# feeding Once vs Twice



## BrianO (Apr 7, 2016)

I feed twice daily life-long. (And three times a day for the first six months.)


----------



## CAROLINA MOM (May 12, 2009)

I feed twice daily also.


----------



## LynnC (Nov 14, 2015)

I also have been feeding 2X a day since she’s about 8 months old.


----------



## OscarsDad (Dec 20, 2017)

AM and PM. I also split each of Oscar's meals in two, waiting 10 minutes or so between each portion. When he ate his breakfast or dinner all at once he would tend not to keep it down.


----------



## Megora (Jun 7, 2010)

Feeding once a day = elevated bloat risk.

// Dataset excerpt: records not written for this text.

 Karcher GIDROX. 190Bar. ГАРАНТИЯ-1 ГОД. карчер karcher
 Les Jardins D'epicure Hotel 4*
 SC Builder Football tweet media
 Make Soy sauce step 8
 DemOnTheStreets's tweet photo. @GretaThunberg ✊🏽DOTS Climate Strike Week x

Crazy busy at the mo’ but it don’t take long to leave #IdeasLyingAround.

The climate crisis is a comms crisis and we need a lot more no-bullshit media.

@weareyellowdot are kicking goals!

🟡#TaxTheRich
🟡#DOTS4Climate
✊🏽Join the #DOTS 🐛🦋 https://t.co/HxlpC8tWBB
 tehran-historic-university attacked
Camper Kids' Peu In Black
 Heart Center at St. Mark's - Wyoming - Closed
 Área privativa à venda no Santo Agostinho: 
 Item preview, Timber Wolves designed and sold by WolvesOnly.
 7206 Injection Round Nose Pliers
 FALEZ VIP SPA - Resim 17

Whoever told you feeding once is better is clueless.


----------



## ceegee (Mar 26, 2015)

I feed three times a day: one cup in the morning, half a cup at lunchtime, one cup in the evening. My dog is the biggest glutton I have ever seen - he literally inhales his food - and I'm terrified of bloat.


----------



## scully91 (Sep 4, 2018)

Twice daily is better for digestion than once!


----------



## Aidan0311 (Jun 12, 2019)

I don’t know where you heard that, but I don’t think it’s correct information. Twice daily is better for digestion and getting nutrients to absorb better. I’m sure if the pup could speak human, he’d rather be fed twice daily as well! Ceege, my pup is the same way with his food! I’d love to know how many cups he’d eat before he’d fill up! It seems like he could finish 1/2 a bag if he could!


----------



## ecaba (Aug 19, 2019)

My 10 month old gets fed twice a day with a slow feeder bowl, typically 12 hours apart or so, with about 30 minutes of crate rest immediately after as she can get a little rambunctious after a meal. I'm obsessed about making sure she doesn't get bloat. She gets fed according to the instructions on the bag by her age and weight.


----------



## DblTrblGolden2 (Aug 22, 2018)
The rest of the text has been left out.